>>>

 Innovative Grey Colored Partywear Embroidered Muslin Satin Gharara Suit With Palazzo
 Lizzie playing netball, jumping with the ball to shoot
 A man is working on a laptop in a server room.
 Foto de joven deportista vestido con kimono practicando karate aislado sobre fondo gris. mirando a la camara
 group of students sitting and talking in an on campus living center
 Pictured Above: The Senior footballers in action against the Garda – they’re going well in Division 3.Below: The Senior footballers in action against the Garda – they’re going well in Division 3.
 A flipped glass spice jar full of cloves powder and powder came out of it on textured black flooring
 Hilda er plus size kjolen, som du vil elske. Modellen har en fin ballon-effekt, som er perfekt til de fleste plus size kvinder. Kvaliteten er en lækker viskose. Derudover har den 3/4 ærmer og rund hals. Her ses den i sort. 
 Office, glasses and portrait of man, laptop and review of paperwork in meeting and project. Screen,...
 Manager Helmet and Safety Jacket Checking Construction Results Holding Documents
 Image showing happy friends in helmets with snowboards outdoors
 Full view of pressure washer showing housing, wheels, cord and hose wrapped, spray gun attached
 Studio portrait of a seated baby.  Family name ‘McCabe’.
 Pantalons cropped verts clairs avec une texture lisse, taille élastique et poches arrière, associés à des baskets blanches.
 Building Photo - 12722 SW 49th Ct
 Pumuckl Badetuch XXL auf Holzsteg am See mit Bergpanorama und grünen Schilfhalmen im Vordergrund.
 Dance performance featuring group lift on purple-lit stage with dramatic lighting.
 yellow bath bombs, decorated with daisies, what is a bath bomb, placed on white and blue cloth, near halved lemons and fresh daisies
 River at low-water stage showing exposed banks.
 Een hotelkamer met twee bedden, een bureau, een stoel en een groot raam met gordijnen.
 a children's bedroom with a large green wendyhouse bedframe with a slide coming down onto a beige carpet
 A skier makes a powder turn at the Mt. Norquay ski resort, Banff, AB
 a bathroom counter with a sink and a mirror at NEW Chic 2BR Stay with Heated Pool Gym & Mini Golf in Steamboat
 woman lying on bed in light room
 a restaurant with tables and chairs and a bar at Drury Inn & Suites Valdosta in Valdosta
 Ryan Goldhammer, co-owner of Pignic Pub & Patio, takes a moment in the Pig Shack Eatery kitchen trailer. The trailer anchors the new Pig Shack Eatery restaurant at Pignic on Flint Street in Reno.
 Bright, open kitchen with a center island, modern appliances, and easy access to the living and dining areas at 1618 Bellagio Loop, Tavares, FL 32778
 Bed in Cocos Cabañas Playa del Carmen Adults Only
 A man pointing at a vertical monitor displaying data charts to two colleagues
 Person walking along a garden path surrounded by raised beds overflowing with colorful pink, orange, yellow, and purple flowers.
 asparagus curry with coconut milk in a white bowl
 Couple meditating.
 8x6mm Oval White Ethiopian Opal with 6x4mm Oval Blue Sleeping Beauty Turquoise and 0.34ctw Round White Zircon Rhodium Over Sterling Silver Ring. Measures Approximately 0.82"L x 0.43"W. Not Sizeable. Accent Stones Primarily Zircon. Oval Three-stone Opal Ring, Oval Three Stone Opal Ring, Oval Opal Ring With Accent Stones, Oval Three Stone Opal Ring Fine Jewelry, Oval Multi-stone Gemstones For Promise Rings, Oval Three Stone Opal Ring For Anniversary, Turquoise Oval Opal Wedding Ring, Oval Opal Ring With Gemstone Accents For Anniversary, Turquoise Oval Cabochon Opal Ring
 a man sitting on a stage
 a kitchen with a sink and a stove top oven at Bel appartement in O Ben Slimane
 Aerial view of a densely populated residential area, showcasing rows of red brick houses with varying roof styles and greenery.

<<<

* [Task requirements]: An exact copy of the lines above, from the one containing "8x6mm Oval White" down to the one containing "a kitchen with" and including both, is the whole answer; retype it and nothing else.

* [Response to the task]:
 8x6mm Oval White Ethiopian Opal with 6x4mm Oval Blue Sleeping Beauty Turquoise and 0.34ctw Round White Zircon Rhodium Over Sterling Silver Ring. Measures Approximately 0.82"L x 0.43"W. Not Sizeable. Accent Stones Primarily Zircon. Oval Three-stone Opal Ring, Oval Three Stone Opal Ring, Oval Opal Ring With Accent Stones, Oval Three Stone Opal Ring Fine Jewelry, Oval Multi-stone Gemstones For Promise Rings, Oval Three Stone Opal Ring For Anniversary, Turquoise Oval Opal Wedding Ring, Oval Opal Ring With Gemstone Accents For Anniversary, Turquoise Oval Cabochon Opal Ring
 a man sitting on a stage
 a kitchen with a sink and a stove top oven at Bel appartement in O Ben Slimane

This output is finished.